--- AVAILABLE RECORDS ---
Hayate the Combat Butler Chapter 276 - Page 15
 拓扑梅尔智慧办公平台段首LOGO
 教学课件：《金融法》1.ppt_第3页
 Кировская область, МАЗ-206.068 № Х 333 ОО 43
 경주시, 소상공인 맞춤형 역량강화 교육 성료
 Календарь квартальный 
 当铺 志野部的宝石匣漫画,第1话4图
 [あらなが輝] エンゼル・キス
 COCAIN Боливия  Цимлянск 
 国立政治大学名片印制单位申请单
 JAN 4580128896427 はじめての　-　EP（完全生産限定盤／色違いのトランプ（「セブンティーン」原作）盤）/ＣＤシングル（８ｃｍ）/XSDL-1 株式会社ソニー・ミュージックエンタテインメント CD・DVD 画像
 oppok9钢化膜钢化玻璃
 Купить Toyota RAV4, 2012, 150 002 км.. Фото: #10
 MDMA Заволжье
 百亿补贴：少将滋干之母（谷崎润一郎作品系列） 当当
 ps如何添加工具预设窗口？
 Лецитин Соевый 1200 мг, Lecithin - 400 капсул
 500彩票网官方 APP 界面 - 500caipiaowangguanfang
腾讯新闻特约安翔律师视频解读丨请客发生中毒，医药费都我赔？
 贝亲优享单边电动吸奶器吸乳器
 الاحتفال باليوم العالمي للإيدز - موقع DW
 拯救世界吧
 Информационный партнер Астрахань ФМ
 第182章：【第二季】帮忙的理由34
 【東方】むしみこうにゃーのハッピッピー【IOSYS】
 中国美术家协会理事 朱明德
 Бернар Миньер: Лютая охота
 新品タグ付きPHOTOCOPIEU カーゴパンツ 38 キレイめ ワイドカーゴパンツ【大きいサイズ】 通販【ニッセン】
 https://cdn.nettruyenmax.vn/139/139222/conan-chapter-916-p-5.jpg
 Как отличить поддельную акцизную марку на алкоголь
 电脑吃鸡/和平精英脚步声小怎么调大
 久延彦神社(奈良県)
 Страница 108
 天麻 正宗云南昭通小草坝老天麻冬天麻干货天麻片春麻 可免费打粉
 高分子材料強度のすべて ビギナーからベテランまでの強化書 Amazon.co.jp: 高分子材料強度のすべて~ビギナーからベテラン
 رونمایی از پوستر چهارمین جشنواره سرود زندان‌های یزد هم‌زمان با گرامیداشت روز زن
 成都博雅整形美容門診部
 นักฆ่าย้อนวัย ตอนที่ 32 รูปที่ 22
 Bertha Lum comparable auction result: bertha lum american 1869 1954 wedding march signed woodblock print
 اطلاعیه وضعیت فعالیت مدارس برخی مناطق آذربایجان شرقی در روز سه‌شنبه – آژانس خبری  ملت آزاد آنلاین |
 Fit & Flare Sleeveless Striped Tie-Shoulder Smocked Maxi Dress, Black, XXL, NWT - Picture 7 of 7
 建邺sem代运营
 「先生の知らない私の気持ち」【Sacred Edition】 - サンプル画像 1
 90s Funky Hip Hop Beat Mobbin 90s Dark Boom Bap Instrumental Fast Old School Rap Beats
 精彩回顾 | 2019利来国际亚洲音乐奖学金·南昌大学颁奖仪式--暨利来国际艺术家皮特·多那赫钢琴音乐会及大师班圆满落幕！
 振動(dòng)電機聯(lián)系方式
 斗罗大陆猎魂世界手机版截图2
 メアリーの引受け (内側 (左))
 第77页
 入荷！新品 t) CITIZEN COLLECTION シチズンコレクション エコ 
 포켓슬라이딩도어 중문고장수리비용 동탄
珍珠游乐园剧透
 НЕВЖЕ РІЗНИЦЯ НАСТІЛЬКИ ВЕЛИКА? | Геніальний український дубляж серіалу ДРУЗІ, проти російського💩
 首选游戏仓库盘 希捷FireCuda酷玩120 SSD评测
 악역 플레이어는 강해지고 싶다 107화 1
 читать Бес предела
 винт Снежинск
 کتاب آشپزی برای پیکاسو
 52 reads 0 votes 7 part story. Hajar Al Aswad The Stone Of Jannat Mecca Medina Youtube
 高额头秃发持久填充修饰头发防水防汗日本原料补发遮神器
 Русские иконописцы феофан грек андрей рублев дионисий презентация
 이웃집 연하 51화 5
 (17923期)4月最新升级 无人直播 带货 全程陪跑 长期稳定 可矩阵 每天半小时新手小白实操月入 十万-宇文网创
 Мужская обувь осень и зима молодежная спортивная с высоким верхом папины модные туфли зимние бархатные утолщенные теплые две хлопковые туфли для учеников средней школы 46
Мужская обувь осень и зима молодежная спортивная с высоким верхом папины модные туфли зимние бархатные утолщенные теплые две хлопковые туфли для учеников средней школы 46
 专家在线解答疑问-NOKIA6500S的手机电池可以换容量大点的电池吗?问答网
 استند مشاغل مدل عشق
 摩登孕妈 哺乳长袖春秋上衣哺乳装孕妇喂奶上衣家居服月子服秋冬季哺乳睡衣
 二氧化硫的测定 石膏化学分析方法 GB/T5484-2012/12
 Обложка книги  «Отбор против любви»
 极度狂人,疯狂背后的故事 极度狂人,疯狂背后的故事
---
● WHAT THE TASK REQUIRES: What is needed is an exact copy of the lines above, from the one containing "Информационный партнер Астрахань ФМ" through the one containing "https://cdn.nettruyenmax.vn/139/139222/conan-chapter-916-p-5.jpg", with nothing added.

● ANSWER FOR THIS EXERCISE:
 Информационный партнер Астрахань ФМ
 第182章：【第二季】帮忙的理由34
 【東方】むしみこうにゃーのハッピッピー【IOSYS】
 中国美术家协会理事 朱明德
 Бернар Миньер: Лютая охота
 新品タグ付きPHOTOCOPIEU カーゴパンツ 38 キレイめ ワイドカーゴパンツ【大きいサイズ】 通販【ニッセン】
 https://cdn.nettruyenmax.vn/139/139222/conan-chapter-916-p-5.jpg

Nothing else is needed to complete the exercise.